START Extracted records

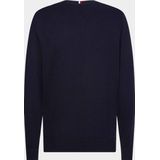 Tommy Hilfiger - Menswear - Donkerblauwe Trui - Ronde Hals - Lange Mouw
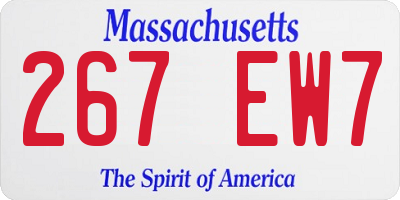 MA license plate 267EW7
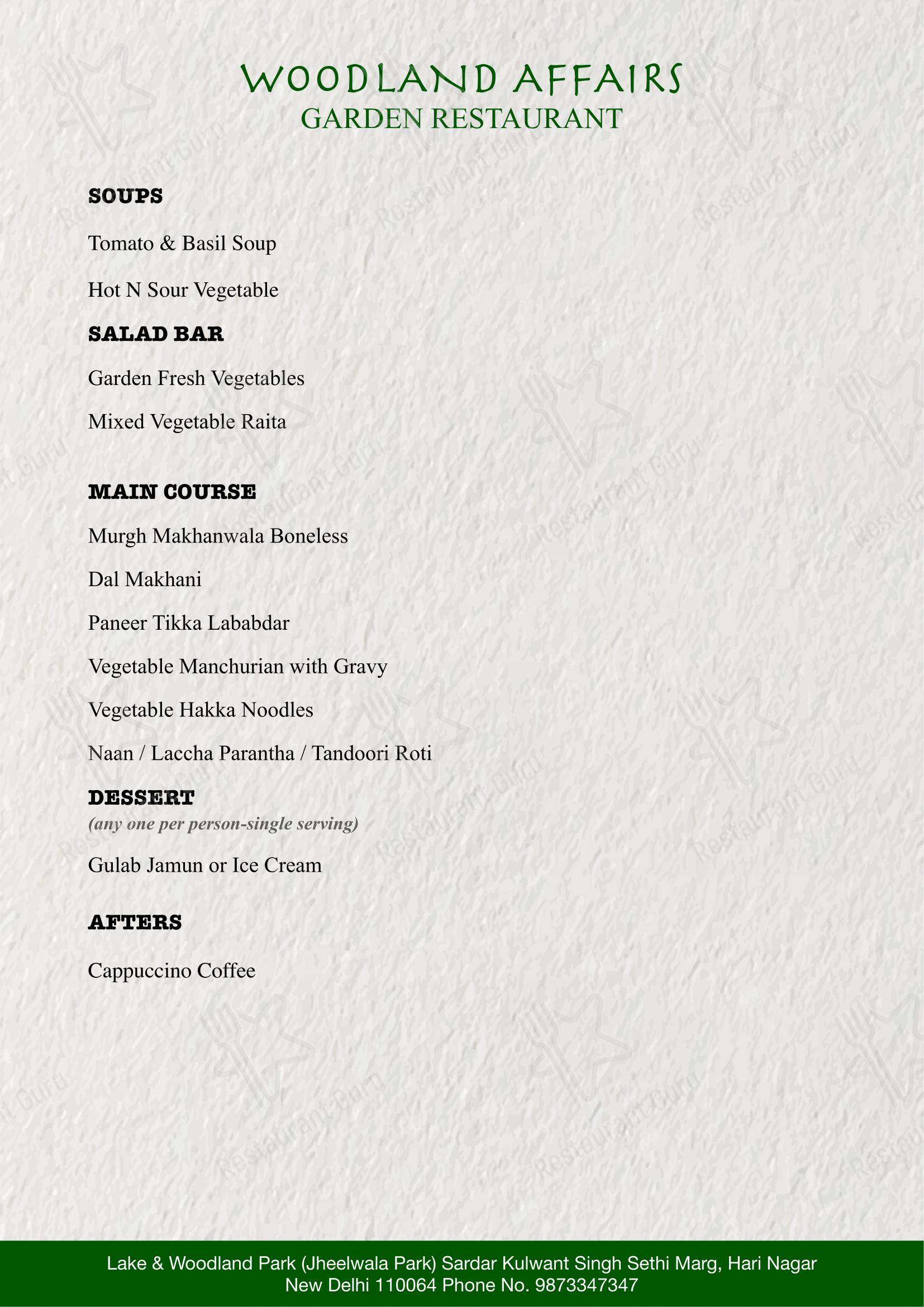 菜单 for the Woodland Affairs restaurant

END Extracted records
START Extracted records

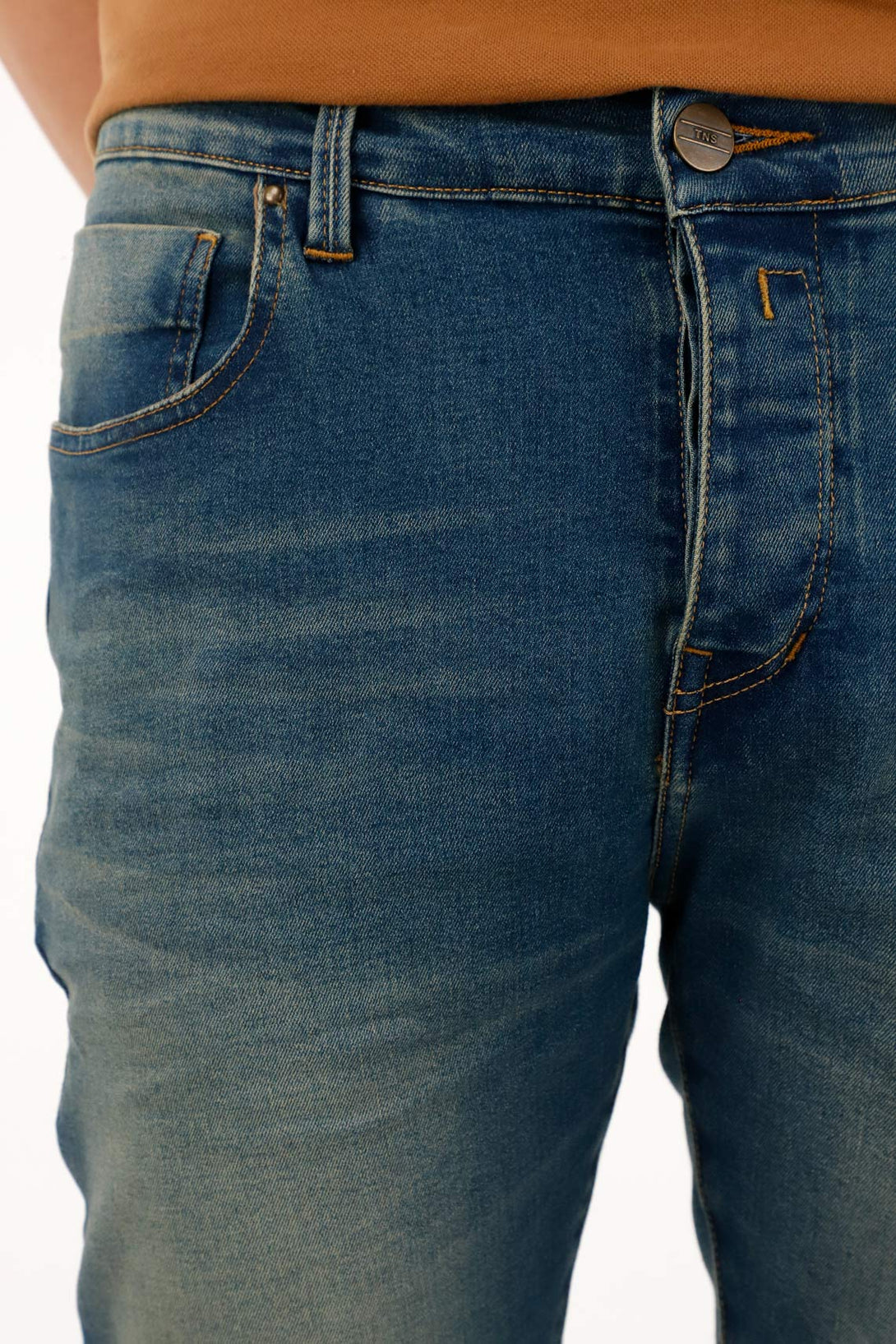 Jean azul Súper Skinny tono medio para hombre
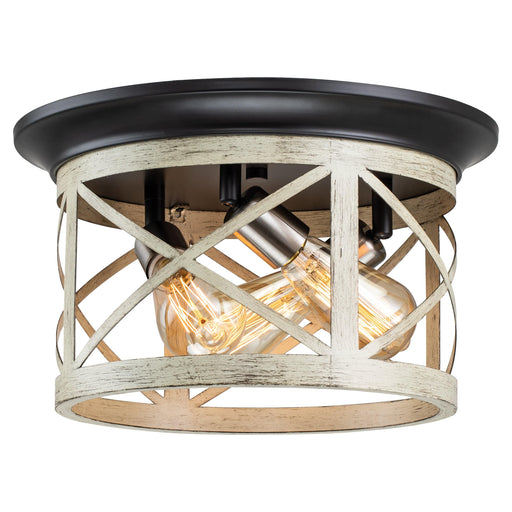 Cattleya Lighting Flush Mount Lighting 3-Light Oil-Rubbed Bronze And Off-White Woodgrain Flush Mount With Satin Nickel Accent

END Extracted records

- Task requirements
Pictures aside, print exactly the lines above starting with the one containing "MA license plate 267EW7" and going on through the one containing "菜单 for the Woodland Affairs restaurant".

- Output below
 MA license plate 267EW7
 菜单 for the Woodland Affairs restaurant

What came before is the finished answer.